Welsh actors Rhys Ifans and Luke Evans presented awards at last year’s ceremony, and this year's will be hosted by top comic actor and author David Walliams at the Odeon Luxe, Leicester Square, in London, on 18 March.
Wales has a record five nominees this year, including 15-year-old Eden Quine-Taylor, from Crickhowell High School, who is competing for the Best Film (12-15 years) award, for her short film ‘I’m the One’. This poetic and impressively staged one-shot film offers a glimpse into the lives of residents in one small town to demonstrate that each one of us has our own story and issues to deal with.
Speaking ahead of the awards, Eden said:
“I am honoured to be nominated for such a prestigious award. Being able to have my work seen by industry professionals is so very exciting. Making films has always been my passion. I can’t see myself doing anything else.”

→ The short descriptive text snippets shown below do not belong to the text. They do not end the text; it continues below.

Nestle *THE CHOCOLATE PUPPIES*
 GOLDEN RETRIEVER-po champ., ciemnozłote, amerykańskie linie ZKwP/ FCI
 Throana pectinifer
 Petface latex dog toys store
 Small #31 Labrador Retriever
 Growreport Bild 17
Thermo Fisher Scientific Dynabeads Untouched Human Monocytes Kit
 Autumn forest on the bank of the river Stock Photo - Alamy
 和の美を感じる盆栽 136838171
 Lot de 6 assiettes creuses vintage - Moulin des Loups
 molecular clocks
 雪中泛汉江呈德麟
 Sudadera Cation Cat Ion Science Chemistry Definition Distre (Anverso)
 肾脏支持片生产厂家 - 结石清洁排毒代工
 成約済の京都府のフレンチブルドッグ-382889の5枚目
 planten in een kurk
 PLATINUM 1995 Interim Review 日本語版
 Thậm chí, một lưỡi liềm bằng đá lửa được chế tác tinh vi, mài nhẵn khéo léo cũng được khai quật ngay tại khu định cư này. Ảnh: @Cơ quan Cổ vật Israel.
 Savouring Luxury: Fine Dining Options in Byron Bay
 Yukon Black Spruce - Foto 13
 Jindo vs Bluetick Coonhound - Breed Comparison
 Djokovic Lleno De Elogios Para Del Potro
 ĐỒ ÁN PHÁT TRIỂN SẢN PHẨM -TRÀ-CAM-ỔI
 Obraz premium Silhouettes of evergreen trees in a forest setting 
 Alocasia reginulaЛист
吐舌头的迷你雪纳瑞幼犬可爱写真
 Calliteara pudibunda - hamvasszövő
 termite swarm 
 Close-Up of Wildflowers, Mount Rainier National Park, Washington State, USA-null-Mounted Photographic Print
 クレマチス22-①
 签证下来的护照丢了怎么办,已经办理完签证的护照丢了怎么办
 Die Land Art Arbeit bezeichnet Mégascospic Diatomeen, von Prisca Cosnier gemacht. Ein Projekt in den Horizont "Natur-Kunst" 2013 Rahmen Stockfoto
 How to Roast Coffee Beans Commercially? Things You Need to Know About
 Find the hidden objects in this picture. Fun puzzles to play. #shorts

Sixteen-year-old Hedydd Ioan, from Penygroes, Gwynedd, will pick up a coveted ‘Ones to Watch’ Award at the ceremony, which can be added to his mounting achievements.
Hedydd’s love of filmmaking started at just seven years old, when he began making simple stories with his toys. Since then, he’s gone on to win a local film award, formed his own production company, Trac 42, and is currently getting paid for his projects.
On hearing the news, Hedydd said:
“It's an honour to be chosen as one of the ‘Ones to Watch' this year. I'm so glad for this chance to be able to develop what I love doing.”
Seventeen-year-old Cai Dadds has been nominated for Reviewer of the Year. Coincidentally, his father Tim has also been nominated for Teacher of the Year.
Cai became interested in film reviewing as a member of Into Film's Youth Advisory Council. He continues to develop his review writing skills whilst applying to study film at university.
Cai told Into Film:
“It is an incredible honour to be nominated for this award. I am so pleased that Into Film recognises young people who are trying to get into the film industry.”
Two of the three nominees for the Teacher of the Year Award come from Wales. This is a strong category for Wales, with Mr Rhys Roberts of Llanharan Primary School winning Teacher of the Year at last year’s ceremony.
Ms Yasmin John, from The Hollies School, Cardiff, has worked in education for a number of years, and was instrumental in supporting her pupils to win Best Film Club of the Year at last year’s awards. This year she has been nominated for her teaching, and specifically for her work in embedding the film club in the school’s curriculum.
Commenting on her nomination, Ms John said:
“I am incredibly honoured to be nominated for such an award. I enjoy every moment of my job and feel privileged to play a part of such a wonderful organisation. It’s an amazing opportunity to showcase the students’ achievements through film and I am extremely proud.”
Mr Tim Dadds of Cwmrhydyceirw Primary School – and Cai’s father – has also been nominated for the Teacher of the Year Award. He was also nominated in 2018.
Mr Dadds has been Deputy headteacher at Cwmrhydyceirw Primary School in Morriston, Swansea, for the past seven years and, in April 2019, the school was the first English medium school in Wales to be awarded excellent grades by Estyn in all five inspection areas.
He is an IntoFilm Cymru Teacher Ambassador and has talked about the power of film in education at the Senedd, and most recently at the UN Convention on the Rights of the Child (UNCRC) 30th anniversary celebrations in Cardiff.
Mr Dadds told Into Film:
“It is a huge honour to be nominated as Into Film Teacher of the Year and for my school to receive recognition for putting film at the heart of our curriculum.”
Britain's Got Talent host and children's author David Walliams said:
“I love the Into Film Awards because it gives the opportunity to young people, from all kinds of backgrounds, to be a part of the film industry. As an actor, these young people are the future, and you want them to give you a job one day.
“Anything that encourages creativity is important, we have an amazing film industry in this country which is often ignored by politicians and we need to support it. Into Film is an amazing charity.”
Non Stevens, head of Into Film Cymru, said:
“The aim of the UK-wide Awards is to promote the power of film and highlight how the scope of Into Film's work can contribute to the educational, cultural and personal development of children and young people. We are delighted that, this year, we have a record number of nominations from Wales, demonstrating that we are punching above our weight as a small nation.”
The Into Film Awards, now in its seventh year, celebrates young people's creativity in film, showcasing and highlighting the wealth of tomorrow’s creative talent. Young people from across the UK whose short films and reviews have been nominated will be recognised at the star-studded ceremony.